It seems to me, people are very keen on local beers;  if the quality is right, they sell. Publicans, please note that provided you can buy them directly, they are often much cheaper too, despite discounting from bigger outfits and they do make a point of difference.

Buy (at least some beers) locally - make money - keep it in the community? Why not?  Seems potentially at least, a winning formula.

And no, the name Tandle Hill had nothing to do with me.

Friday, 16 March 2012

The Art of Boozing


I was invited (along with all of our CAMRA Branch members) to the launch of JDW's Spring Beer Festival at the Art Picture House, one of two in Bury. JDWs that is, not Art Picture Houses.   Now this proved to be a good day out, though involving as it did that drinking leg end Tyson, it lasted a lot longer and was more intense than I intended. 

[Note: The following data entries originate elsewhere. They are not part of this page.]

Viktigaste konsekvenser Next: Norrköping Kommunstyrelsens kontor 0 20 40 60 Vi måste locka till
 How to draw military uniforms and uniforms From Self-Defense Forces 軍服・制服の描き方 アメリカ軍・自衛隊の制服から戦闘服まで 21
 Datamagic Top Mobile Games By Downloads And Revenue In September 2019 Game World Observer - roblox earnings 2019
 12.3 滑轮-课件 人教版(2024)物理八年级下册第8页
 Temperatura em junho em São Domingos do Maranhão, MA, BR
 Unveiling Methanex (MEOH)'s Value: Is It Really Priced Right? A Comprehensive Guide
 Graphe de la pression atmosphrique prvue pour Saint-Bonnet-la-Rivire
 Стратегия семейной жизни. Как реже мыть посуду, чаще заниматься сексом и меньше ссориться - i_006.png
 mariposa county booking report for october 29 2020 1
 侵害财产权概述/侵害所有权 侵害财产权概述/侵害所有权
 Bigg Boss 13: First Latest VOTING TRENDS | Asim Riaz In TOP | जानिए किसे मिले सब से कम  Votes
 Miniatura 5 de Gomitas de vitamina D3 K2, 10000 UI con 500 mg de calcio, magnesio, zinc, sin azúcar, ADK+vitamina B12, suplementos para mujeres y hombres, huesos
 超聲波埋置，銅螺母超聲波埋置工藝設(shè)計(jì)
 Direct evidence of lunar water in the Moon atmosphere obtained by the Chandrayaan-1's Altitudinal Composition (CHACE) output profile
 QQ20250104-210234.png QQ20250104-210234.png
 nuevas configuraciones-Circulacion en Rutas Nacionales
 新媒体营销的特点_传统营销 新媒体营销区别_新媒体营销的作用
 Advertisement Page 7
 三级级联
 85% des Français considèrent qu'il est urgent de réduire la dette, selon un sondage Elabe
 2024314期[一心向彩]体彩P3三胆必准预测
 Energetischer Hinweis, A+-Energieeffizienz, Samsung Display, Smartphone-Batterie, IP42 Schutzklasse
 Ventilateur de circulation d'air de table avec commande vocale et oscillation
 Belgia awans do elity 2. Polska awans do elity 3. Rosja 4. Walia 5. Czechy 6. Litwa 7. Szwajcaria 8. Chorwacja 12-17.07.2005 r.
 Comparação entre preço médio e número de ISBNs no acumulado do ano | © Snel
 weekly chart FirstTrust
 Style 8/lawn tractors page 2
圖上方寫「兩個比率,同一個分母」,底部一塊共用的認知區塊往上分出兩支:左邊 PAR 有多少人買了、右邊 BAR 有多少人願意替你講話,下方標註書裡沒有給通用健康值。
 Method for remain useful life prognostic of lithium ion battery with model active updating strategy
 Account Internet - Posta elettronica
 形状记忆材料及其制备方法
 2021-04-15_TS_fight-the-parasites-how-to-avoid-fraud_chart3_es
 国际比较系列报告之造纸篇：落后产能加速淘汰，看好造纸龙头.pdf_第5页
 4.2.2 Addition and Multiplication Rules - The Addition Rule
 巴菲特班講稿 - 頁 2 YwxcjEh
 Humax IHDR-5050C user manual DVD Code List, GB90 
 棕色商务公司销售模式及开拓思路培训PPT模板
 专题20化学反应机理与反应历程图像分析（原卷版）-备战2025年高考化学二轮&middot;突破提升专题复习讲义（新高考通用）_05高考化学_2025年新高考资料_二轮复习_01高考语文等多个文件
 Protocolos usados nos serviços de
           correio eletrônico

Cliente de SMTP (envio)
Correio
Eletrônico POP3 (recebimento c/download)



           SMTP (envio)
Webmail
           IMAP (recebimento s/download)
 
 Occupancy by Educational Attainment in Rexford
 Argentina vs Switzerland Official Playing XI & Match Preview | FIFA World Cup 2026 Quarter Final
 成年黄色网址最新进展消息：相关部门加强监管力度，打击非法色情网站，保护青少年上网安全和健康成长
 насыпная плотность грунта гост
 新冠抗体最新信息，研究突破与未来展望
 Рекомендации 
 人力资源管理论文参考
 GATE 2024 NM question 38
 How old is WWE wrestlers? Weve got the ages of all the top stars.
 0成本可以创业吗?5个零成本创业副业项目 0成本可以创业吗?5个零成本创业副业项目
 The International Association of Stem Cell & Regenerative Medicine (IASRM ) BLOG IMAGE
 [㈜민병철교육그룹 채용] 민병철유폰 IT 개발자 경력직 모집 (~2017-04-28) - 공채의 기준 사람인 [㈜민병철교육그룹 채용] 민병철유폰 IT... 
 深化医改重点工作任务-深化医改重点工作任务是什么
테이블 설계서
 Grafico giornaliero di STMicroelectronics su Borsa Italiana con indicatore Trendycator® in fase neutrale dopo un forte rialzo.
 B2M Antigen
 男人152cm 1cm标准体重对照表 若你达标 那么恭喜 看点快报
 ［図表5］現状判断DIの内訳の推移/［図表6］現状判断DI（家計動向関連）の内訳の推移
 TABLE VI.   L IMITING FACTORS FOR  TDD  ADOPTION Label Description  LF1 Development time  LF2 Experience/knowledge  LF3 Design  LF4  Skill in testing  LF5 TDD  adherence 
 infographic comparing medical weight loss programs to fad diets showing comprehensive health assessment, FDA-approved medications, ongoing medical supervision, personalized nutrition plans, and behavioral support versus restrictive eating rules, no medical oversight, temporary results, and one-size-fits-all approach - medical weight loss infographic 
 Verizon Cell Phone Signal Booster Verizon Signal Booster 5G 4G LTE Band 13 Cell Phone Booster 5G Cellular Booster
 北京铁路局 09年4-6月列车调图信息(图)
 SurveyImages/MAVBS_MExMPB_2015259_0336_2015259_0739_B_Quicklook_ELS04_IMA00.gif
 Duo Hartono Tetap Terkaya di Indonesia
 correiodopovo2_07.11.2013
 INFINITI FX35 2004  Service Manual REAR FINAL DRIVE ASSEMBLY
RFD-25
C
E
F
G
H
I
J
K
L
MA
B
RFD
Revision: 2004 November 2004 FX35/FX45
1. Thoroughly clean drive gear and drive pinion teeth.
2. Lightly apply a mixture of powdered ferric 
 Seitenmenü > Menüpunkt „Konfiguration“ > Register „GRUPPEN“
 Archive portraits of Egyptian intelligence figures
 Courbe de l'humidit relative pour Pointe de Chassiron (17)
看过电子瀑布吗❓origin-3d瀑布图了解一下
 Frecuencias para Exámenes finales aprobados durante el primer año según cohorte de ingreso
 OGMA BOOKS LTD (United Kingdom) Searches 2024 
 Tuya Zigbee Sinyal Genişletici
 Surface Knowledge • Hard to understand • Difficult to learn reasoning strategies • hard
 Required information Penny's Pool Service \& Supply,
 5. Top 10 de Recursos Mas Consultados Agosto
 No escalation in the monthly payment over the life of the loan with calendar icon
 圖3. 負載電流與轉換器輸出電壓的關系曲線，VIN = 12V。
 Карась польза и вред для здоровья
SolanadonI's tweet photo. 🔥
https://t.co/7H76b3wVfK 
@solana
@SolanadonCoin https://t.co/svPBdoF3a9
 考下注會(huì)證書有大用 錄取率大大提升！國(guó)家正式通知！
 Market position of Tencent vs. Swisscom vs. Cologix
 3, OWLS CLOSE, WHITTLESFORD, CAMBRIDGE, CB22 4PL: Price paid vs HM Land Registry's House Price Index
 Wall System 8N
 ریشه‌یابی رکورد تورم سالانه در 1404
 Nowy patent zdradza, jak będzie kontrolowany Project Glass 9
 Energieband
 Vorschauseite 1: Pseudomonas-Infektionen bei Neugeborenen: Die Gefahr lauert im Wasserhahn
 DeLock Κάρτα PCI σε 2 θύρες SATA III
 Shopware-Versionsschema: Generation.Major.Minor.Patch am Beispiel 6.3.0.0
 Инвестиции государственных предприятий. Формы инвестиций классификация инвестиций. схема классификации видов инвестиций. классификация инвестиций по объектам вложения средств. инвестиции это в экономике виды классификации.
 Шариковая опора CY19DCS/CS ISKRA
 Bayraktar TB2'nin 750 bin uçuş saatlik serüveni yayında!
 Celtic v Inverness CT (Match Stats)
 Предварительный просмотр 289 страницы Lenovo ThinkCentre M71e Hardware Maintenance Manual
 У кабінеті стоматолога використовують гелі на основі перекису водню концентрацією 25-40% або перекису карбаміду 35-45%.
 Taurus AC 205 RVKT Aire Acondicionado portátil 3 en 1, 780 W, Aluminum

In addition to the beers on the bar, we had the bonus of "Meet the Brewer" thrice. Hawkshead, Naylors and Titanic all showed up and to the delight of the assembled throng, dished out copious free third pint samples.  This greatly pleased Archimedes and Pythagoras, but the Whitefield Holts Bandit disdainfully eschewed the freebies, while Pineapple Pete, as usual,  concentrated on the free grub. Tyson and I, veterans of such largesse and aware of the Bury public's propensity for free ale, had no such scruples and just elbowed the coffin dodgers aside to park ourselves in front of the nine of Windermere Pale (Tyson) and Titanic Plum Porter (me).  I did have a constructive chat with the Titanic operative, who advised that the plum essence was made by a local sweet manufacturer after using real plums failed to deliver any plum flavour at all. Nature isn't always best it seems.

Now free beer to such men of the world as Tyson and me has limited appeal. There is a great big world of beer out there - even in Bury - and thus it was that I found myself drinking a half of keg Outstanding White, which could best be described as a curious crossover between a German Weisse Bier and a Belgian White. Odd, but pleasant.  The Robert Peel, JDW's other Bury outfit failed to deliver on choice and Hydes Owd Oak mild made you think a new brewery can't come soon enough. Tyson suggested the long trek next door to the Two Tubs. He was gutted to find no Triple C in this Thwaites house, but we settled for the hugely chocolatey Egg Roller, an Easter beer  - and what a great beer it was too. More chocolate than a Belgian airport duty free shop, a luscious body and while at first it seemed one would be enough, it wasn't.  (As an aside can you imagine how miserable this beer would seem without a sparkler?)

So back to the Art where handpumped Titanic Plum Porter finished us off.  Literally. We did have the bonus of seeing Joe Stalin and of course, Don Ricardo who had joined the mayhem earlier.  I dashed for the 163 and the long toilet-less trek home, while Tyson remained to observe the ever keen Don in pursuit (unwisely in this case I can assure you) of the carnal.

Our thanks to JDW's Lisa for the butties and the sausages and to the brewers for their free beer.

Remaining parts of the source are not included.